1 Introduction

When applying statistical testing of hypotheses to data, it is often recommended not only to report the corresponding p value, but in addition to provide a measure for the effect associated with a possible rejection of the null hypothesis, see e.g. Wilkinson [18]. Such a measure may be useful when sample sizes are to be fixed during the planning phase of a study, or when it is desired to assess the relevance of an actual rejection when given sample sizes are large. Effect size measures are strongly related to power analysis as carried out in the seminal book by Cohen [3].
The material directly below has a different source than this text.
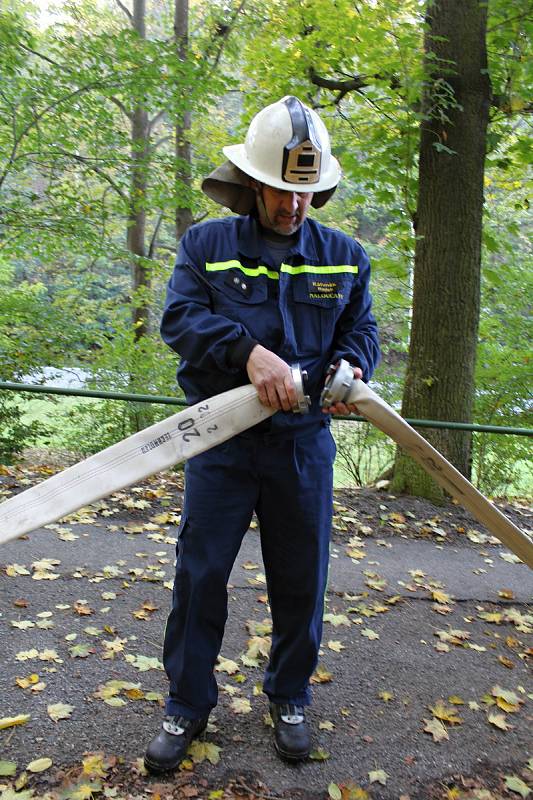 Námětem cvičení hasičů z náměšťského okrsku byla dálková doprava vody k zámku.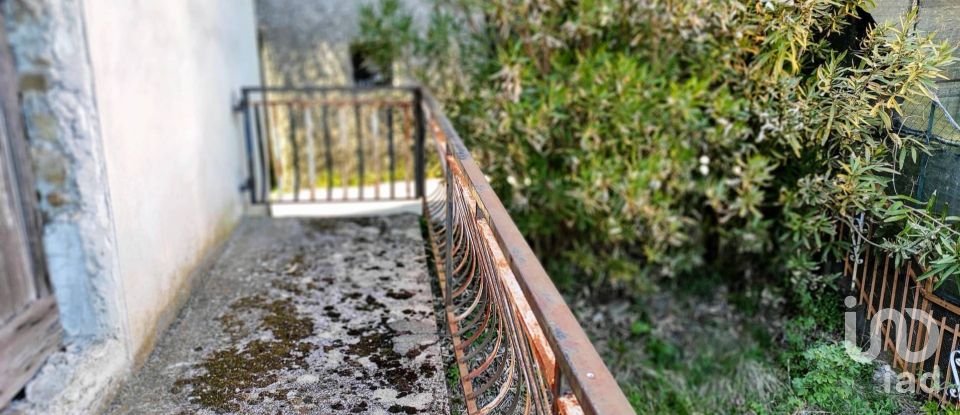 Townhouse 7 rooms of 183 m² in Sesta Godano (19020)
A widely used measure is the so-called Cohen’s d, see also Hedges [12] and Kraemer [13], which is an effect size measure for the two-sample t test with equal variances. Consider independent samples of sizes \(n_{1}\) and \(n_{2}\) of a statistical variable y in two groups such that y follows a normal distribution with expectation \(\mu _{1}\) and variance \(\sigma ^2\) in group 1 and expectation \(\mu _{2}\) and the same variance \(\sigma ^2\) in group 2. Let t denote the usual two-sample test statistic for the null hypotheses \(H_{0}: \mu _{1} = \mu _{2}\) versus the alternative \(H_{1}: \mu _{1} \not = \mu _{2}\). As a measure for the size of an effect, Cohen [3, p. 66ff] considers the absolute value of

$$\begin{aligned} d = \frac{{\overline{y}}_{1}-{\overline{y}}_{2}}{\sqrt{\frac{s_{1}^2 + s_{2}^2}{n_{1} + n_{2} -2}}}\; , \end{aligned}$$
(1)

where \({\overline{y}}_{j}\) is the sample mean in group j, \(j=1,2\), and \(s_{j}^2 =\sum _{i} (y_{i} - {\overline{y}}_{j})^2\), where summation is carried out with respect to all observations from group j. The effect size d is related to the test statistic t by the formula

$$\begin{aligned} d = t \sqrt{\frac{n_{1}+ n_{2}}{n_{1} n_{2}}}\; , \end{aligned}$$
(2)

see (2.5.3) in Cohen [3]. According to Cohen, values \(|d|=0.2\), \(|d|=0.5\) and \(|d |=0.8\) indicate a small, medium and large effect, respectively.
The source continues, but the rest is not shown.